**WHAT IS REQUIRED:** Repeat the lines from the one containing "Tree with heart Save the Date announcement" through the end of the listing exactly, both ends included. Do not carry over any pictures.

**SOURCE MATERIAL:**

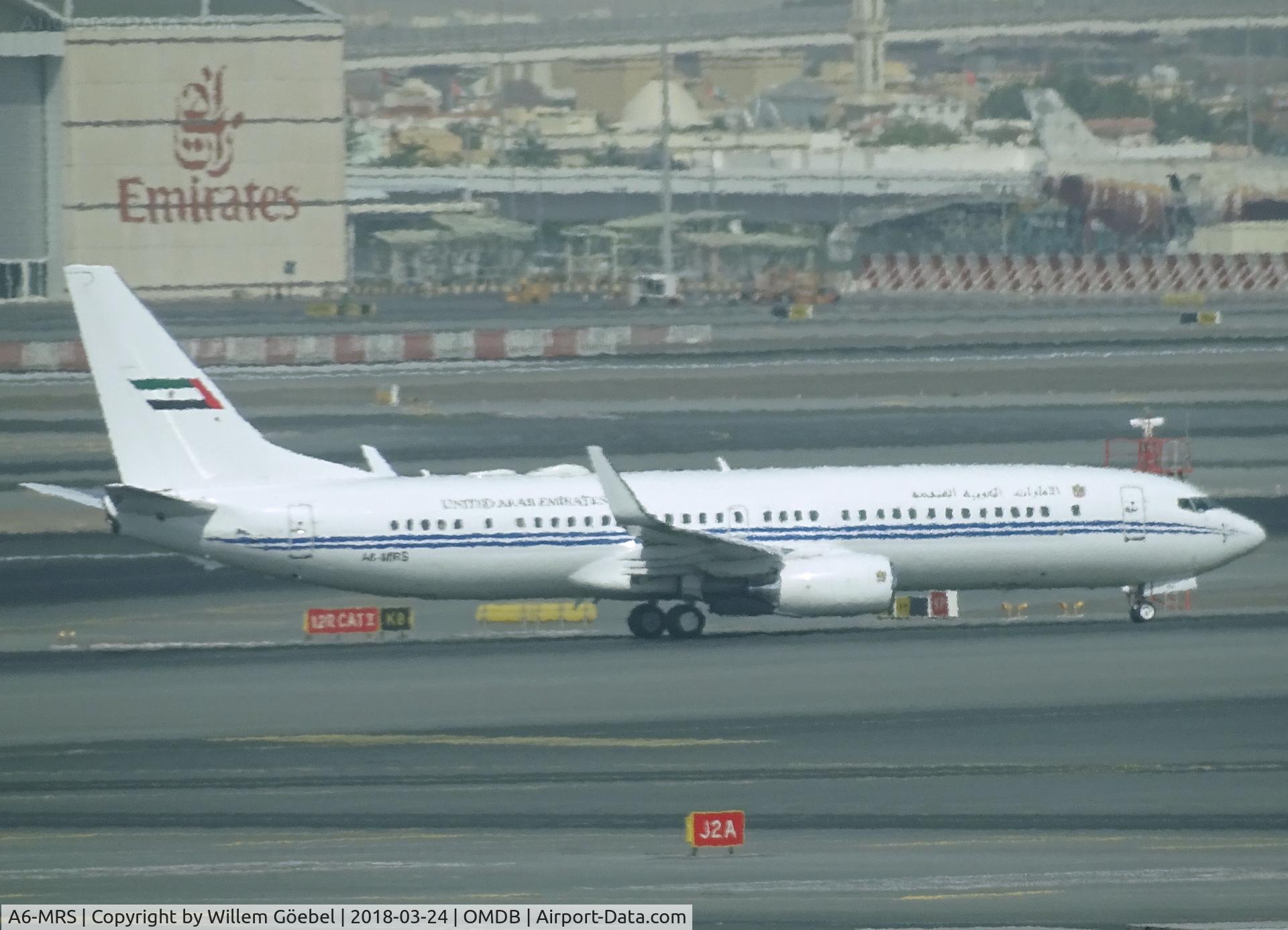 A6-MRS, 2006 Boeing 737-8E0 BBJ2 C/N 35238, Taxi to the runway of DXB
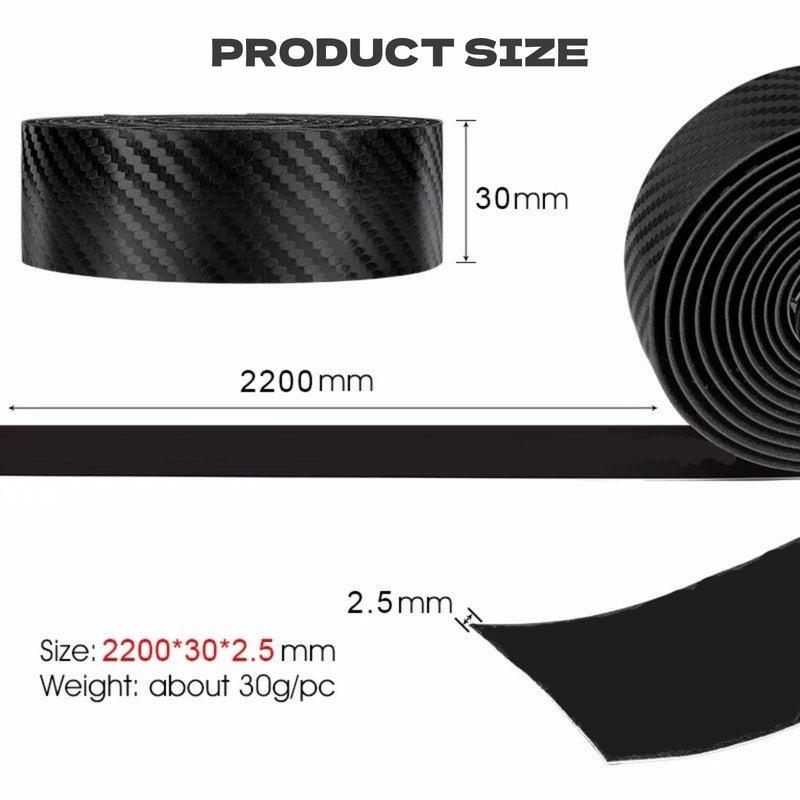 Bike Handlebar Tapes with Carbon Fiber Pattern Soft PU+EVA Material 220CM Lightweight Shock Absorption Wear Resistant Wrap Tape for Road Mountain Bicycle (White) White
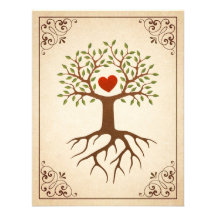Tree with heart Save the Date announcement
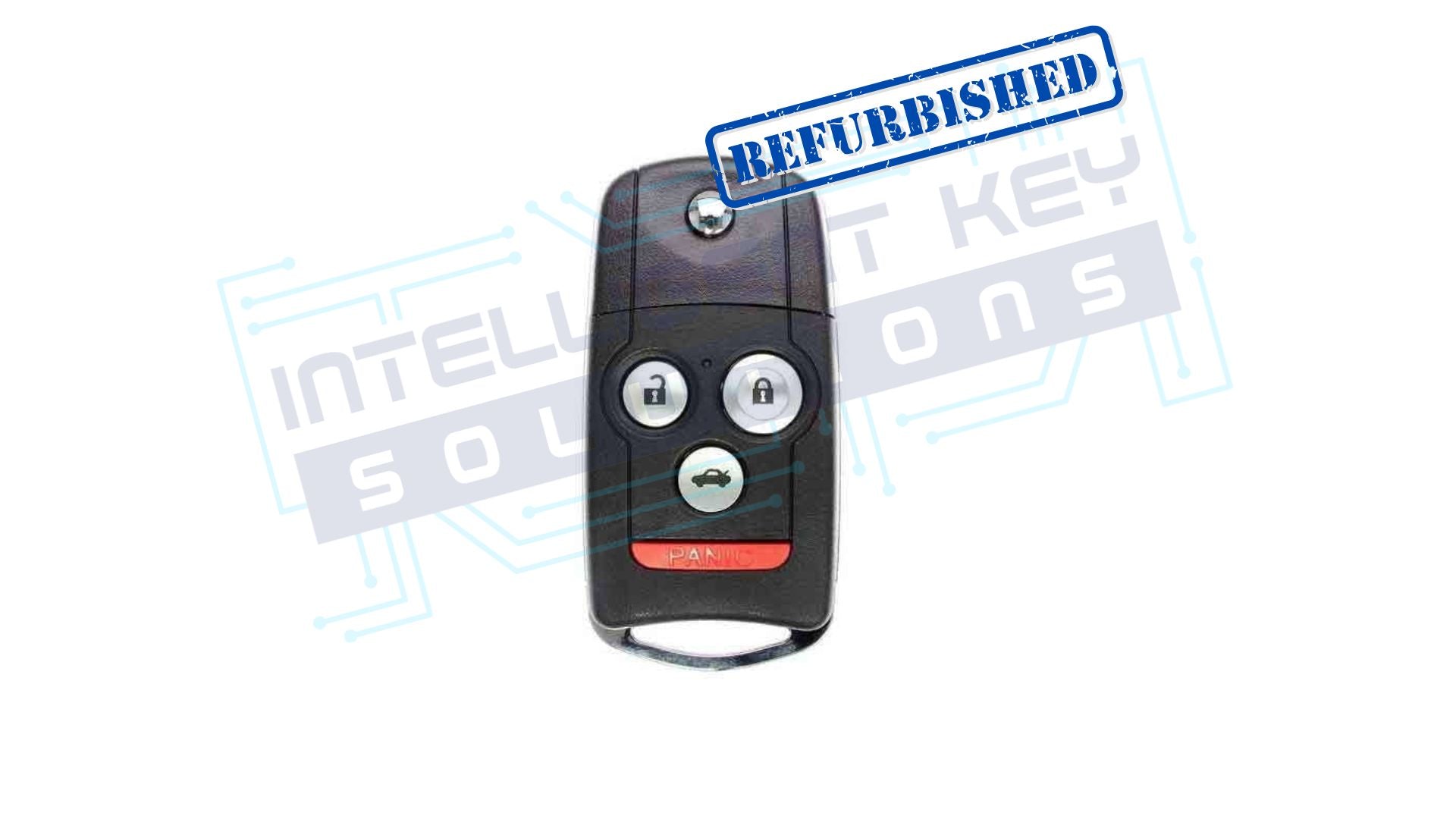 2007-2008 Acura 4Btn Flip Key W/Trunk (35111-SEP-307 / OUCG8D-439H-A / Driver 1 ) OEM Refurbished NO LOGO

**OUTPUT OF THE TASK:**
Tree with heart Save the Date announcement
 2007-2008 Acura 4Btn Flip Key W/Trunk (35111-SEP-307 / OUCG8D-439H-A / Driver 1 ) OEM Refurbished NO LOGO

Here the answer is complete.